On 8/11/2024 11:04 am, Sean Christopherson wrote:
On Wed, Nov 06, 2024, Kai Huang wrote:
On Wed, 2024-11-06 at 07:01 -0800, Sean Christopherson wrote:
On Wed, Nov 06, 2024, Kai Huang wrote:
For this we only disable TDX but continue to load module. The reason is I think
this is similar to enable a specific KVM feature but the hardware doesn't
support it. We can go further to check the return value of tdx_cpu_enable() to
distinguish cases like "module not loaded" and "unexpected error", but I really
don't want to go that far.
Hrm, tdx_cpu_enable() is a bit of a mess. Ideally, there would be a separate
"probe" API so that KVM could detect if TDX is supported. Though maybe it's the
TDX module itself is flawed, e.g. if TDH_SYS_INIT is literally the only way to
detect whether or not a module is loaded.
We can also use P-SEAMLDR SEAMCALL to query, but I see no difference between
using TDH_SYS_INIT. If you are asking whether there's CPUID or MSR to query
then no.
Doesn't have to be a CPUID or MSR, anything idempotent would work. Which begs
the question, is that P-SEAMLDR SEAMCALL query you have in mind idempotent? :-)
It is the SEAMLDR.INFO SEAMCALL, which writes bunch of information to a
SEAMLDR_INFO structure. There's one bit "SEAM_READY" which (when true)
indicates the TDX module is ready for SEAMCALL, i.e., the module is loaded.

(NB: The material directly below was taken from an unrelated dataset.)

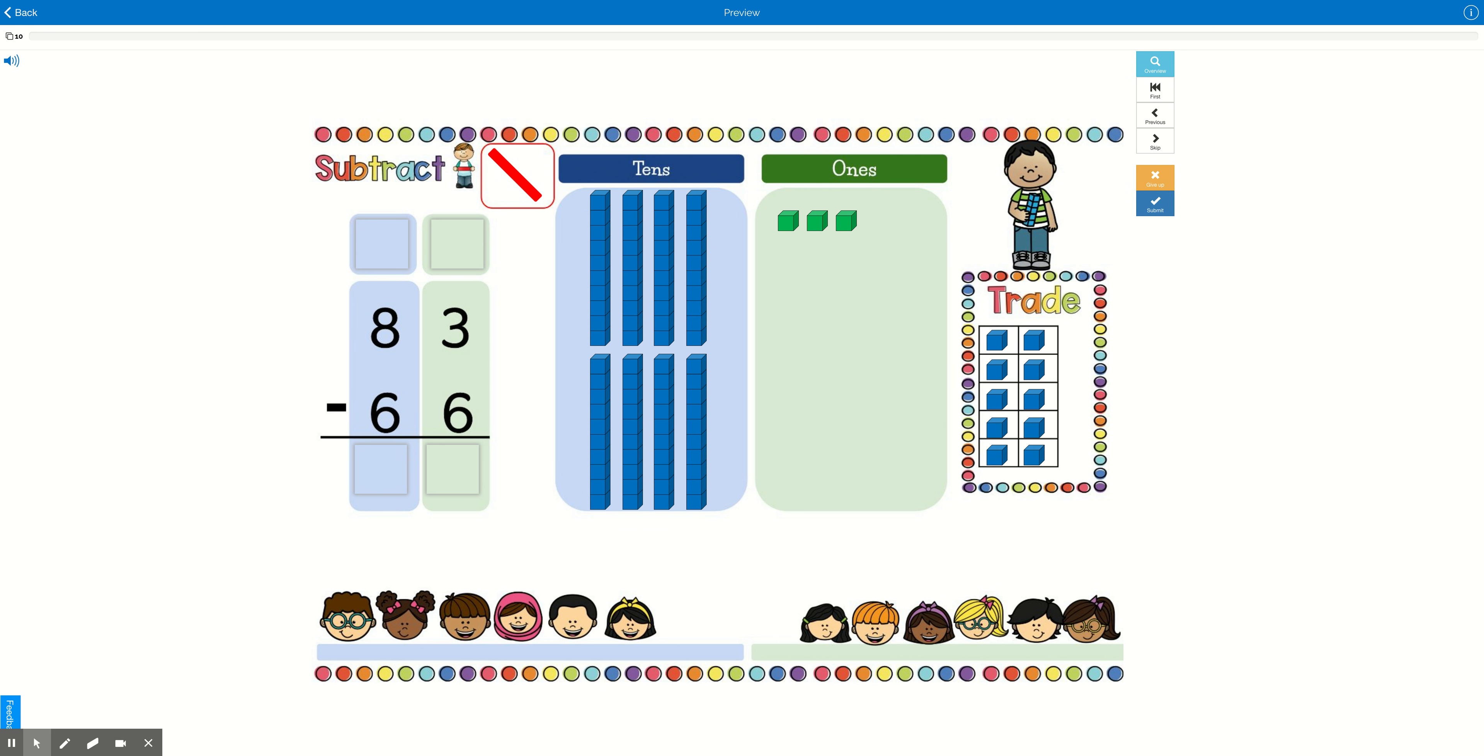In this deck, we will be solving two-digit subtraction problems that require regrouping using both our base 10 blocks and the algorithm.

And yes it is idempotent I believe, even we consider TDX module runtime
reload/update.
The problem is it is a SEAMCALL, and being a SEAMCALL requires all
things like enabling virtualization first and adding another wrapper API
and structure definition to do SEAMLDR.INFO (and we are still in
discussion how to export SEAMCALLs to let KVM make).
From this perspective, I don't see a big difference between using
SEAMLDR.INFO and tdx_cpu_enable() for probing TDX.

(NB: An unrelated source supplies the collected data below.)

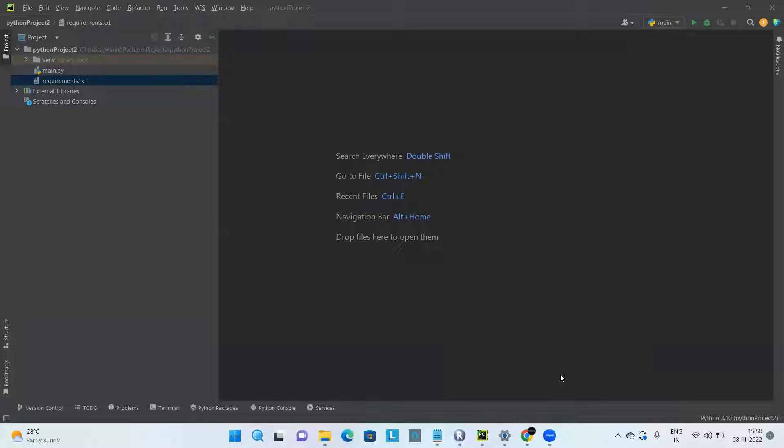Hello everyone, in this video we are going to discuss how to add dependencies to a Python project.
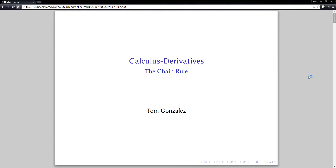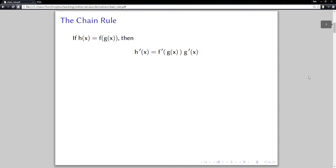In this video we're going to talk about the chain rule. The chain rule is the rule that allows you to take the derivative of the composition of two functions, if you know the derivatives of the parts that make up that composition. We have a function h built from the composition of two functions — we plugged g into the function f.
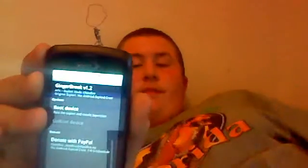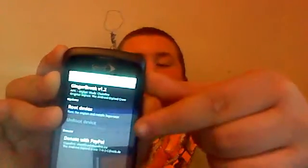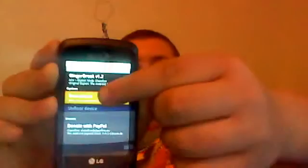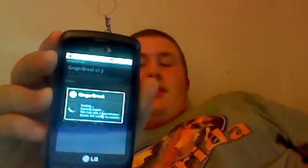I'm going to open this back up real quick. I just launched it — just close out that box — and then you'll see GingerBreak V1.2, and you'll see root device and unroot device. I just unrooted mine so I can show you. And then you're just going to want to click root device, just like that, and it says rooting and executing and all that.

I agree we can change to use SEAMLDR.INFO to detect in the long term
after we move VMXON out of KVM, though, because we can get a lot more
information with that besides whether module is loaded. But before
that, I see no big difference.
So, absent a way to clean up tdx_cpu_enable(), maybe disable the module param if
it returns -ENODEV, otherwise fail the module load?
We can, but we need to assume cpuhp_setup_state_cpuslocked() itself will not
return -ENODEV (it is true now), otherwise we won't be able to distinguish
whether the -ENODEV was from cpuhp_setup_state_cpuslocked() or tdx_cpu_enable().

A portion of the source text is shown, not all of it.